В 1958-1960 годах я жил и работал вместе с Дядей Жорой в Сталино (Донецк), освоил под его руководством штукатурные, малярные, ольфрейные работы, научился кирпичной кладке, ложить печи. И сколько помню его, в восемь утра закурит «Север» (эти папироски назывались еще «гвоздиками») и эта потухшая папироска, прилипшая к нижней губе, держится до 12 часов, до обеда. А до этого никаких перекуров и отдыха, после чего положит мастерок или кисть малярную. И мне приходилось держаться с ним наравне. Штукатурим обитый дранкой, потолок на высоких лесах громадного цеха. Четыре часа набрасывать раствор на потолок, левая рука держит сокол с раствором, правая вбивает раствор между дранкой. Одно неверное движение, рука занемела и раствор с известью шлепается тебе в лицо, глаза, рот. Присел без сил на ящик с раствором (17 лет, вес как у барана, 45 кг).
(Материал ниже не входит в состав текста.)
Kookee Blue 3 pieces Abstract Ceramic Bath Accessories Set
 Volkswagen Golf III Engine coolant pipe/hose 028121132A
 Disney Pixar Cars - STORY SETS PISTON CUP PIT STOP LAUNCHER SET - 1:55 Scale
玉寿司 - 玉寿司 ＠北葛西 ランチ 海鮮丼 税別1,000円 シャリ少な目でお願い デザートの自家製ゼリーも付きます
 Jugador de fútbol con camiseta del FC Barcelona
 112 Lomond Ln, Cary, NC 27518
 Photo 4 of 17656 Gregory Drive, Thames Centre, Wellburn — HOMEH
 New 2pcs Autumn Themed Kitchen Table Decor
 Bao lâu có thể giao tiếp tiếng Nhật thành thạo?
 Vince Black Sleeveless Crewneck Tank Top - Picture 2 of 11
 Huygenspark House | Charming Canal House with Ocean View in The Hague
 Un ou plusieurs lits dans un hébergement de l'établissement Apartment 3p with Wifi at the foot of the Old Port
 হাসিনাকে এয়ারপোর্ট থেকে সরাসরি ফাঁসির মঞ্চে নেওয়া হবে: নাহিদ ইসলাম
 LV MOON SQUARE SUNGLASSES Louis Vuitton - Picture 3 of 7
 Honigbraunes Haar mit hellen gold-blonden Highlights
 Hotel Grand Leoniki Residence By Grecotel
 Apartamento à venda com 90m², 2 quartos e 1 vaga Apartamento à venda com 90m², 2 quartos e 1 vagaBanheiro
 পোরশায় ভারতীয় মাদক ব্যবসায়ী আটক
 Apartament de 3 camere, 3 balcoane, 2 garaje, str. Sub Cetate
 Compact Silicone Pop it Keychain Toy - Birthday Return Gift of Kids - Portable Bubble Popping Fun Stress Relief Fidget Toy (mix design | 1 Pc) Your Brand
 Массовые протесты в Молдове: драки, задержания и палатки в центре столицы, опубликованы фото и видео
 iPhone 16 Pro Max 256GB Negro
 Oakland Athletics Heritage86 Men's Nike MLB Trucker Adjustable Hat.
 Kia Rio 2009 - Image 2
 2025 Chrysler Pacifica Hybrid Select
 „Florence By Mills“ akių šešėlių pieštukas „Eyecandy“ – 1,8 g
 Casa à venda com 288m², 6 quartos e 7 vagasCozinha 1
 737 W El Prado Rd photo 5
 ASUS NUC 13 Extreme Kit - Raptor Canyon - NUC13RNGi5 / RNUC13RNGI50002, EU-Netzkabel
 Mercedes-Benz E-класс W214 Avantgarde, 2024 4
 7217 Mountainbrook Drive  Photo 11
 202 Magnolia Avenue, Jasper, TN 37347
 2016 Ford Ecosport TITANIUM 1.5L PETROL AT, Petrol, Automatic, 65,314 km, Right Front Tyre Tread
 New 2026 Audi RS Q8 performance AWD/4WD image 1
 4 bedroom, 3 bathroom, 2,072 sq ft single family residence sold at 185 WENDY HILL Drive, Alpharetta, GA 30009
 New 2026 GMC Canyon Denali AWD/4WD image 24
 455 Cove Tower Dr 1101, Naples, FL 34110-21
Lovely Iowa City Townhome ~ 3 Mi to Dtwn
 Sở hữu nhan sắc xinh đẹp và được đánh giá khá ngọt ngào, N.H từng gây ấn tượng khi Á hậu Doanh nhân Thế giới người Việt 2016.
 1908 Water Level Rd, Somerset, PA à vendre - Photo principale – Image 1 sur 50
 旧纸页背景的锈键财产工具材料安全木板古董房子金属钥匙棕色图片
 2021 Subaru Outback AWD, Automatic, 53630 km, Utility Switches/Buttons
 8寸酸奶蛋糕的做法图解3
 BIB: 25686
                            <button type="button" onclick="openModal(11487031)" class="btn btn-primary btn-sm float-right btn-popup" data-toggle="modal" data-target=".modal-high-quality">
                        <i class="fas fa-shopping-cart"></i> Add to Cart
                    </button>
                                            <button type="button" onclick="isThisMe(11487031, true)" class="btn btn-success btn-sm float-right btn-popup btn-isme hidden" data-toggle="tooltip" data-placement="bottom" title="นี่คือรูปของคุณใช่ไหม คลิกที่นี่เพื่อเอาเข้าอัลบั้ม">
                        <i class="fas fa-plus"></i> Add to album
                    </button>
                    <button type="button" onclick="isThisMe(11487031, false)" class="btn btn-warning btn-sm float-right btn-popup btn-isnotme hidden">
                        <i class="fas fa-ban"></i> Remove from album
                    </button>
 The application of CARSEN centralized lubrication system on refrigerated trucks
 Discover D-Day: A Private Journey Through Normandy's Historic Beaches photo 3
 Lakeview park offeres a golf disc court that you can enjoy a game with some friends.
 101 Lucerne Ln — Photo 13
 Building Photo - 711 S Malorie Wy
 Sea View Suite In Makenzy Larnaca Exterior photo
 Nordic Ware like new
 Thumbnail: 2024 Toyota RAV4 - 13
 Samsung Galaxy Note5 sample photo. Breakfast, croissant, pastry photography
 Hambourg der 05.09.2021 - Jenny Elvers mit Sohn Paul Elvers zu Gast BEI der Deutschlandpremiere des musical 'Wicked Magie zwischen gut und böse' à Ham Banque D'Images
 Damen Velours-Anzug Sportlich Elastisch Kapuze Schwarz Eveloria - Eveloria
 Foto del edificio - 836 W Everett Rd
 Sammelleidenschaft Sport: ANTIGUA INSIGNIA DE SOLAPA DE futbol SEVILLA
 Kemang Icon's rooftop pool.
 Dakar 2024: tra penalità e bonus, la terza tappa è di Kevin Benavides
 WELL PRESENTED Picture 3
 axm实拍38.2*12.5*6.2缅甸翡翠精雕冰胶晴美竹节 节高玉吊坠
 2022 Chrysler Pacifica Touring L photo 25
Раз глянул дядя Жора, продолжая работать, второй… Потом говорит: «Ты не нашей породы…». Я вспыхнул, встал и начал работать… Всю жизнь меня преследовала и помогала эта фраза. Идешь ли на восхождение в горах Тянь-Шаня, бредешь ли по пустыне Мангышлака… В 1969 году охотились на «бобике» за сайгаками, на закате, собираемся возвращаться на базу противочумного отряда, кончился бензин, кончилась вода, на 50 км вокруг ни одного населенного пункта, только наша база. Надо идти на базу, брать машину и возвращаться. Пошел один… 36 км за 6 часов, ориентируясь по Луне и звездам. Мангистау – «Край тысячи дорог». Геологоразведка нефтяники по ровной пустыне ездили напрямик, по компасу, поди разберись ночью где, куда надо повернуть в паутине пересекающихся дорог, дорожек, троп и тропинок. Холодной ночью, по пустыне в одной ковбойке, и шортах без глотка воды… Спросите у Маленького Принца Сент-Экзюпери, какое это наслаждение… И ведь уже чуть было не прошел мимо, вернее пробрел спотыкаясь, как в пьяном бреду, когда услышал гул включенного движка в предрассветной мгле. Через полчаса уже выехали выручать полузамерзших «охотничков».
ПАМЯТЬ
19 октября 2005г. Вот и поставлен последний памятник на могиле одной из 4-х упокоившихся на карагандинской земле Туйновых, моей матери Туйновой –Мастеровой Ольги Константиновны.
Мне не забыть той могилы,
Сложенный тур из камней,
И ледоруб, вполовину
Воткнут руками друзей.
Ветер тихонько колышет,
Гнет барбарисовый куст,
Парень уснул и не слышит
Песен сердечную грусть
Был он лихим запевалой,
И до последней ходил,
Брал он легко перевалы,
Снежные пики вершин …
Тропка, как ленточка вьется,
Горная речка шумит...
Тот, кто в долину вернется,
Холмик простой посетит …
(Старинная альпинистская песня)
Вот и появился скромный мраморный обелиск на месте подгнившего креста с облезлой краской. Вглядываюсь в мрамор над надписью, где явственно проступает из глубины женский профиль. Чуть- чуть фантазии, и уже ясно вижу из глубины камня любимые, знакомые черты. Догорает свеча у подножья камня, задувают ее порывы ветра, мягко светит последнее осеннее солнце. Подгребаю руками землю, делаю хоть маленький могильный холмик, за четыре года могила провалилась истоптана копытами телят, коров. Крайний ряд могил. В 10 метрах проносятся поезда. Ко мне, в Кустанай, от меня в Караганду и дальше. Положил крест на надгробную плиту, разложил на кресте печенюжки – людям, кто найдет, тот помянет, птицам. Забытые неухоженные могилы тех, кто дал нам жизнь, выдрал из лап смерти, поставил на ноги, и уже 65 лет продолжает вести по жизни, и уже воплощаются в наших внуках, в ком больше, в ком меньше. В зыбком образе за полировкой мрамора угадывается кто-то из моих внучек. И могила у железной дороги, построенной теми, чьи кости под насыпью с 30-х годов, на кладбище, где уже лежат их дети и внуки. Стало спокойно на душе. А то все мерещился мне закат за железной дорогой и сверкающие струны рельсов и мать сидит на них и смотрит в мою сторону грустно…. А зимой, или в ненастье чудилось, что она стоит оперевшись на крест и опять смотрит в мою сторону. Оказалось, что и крест сгнил, чудом еще стоял, и могила с землей сравнялась, вот и смотрела с укором: «За что, сын? Некому последнюю честь отдать?»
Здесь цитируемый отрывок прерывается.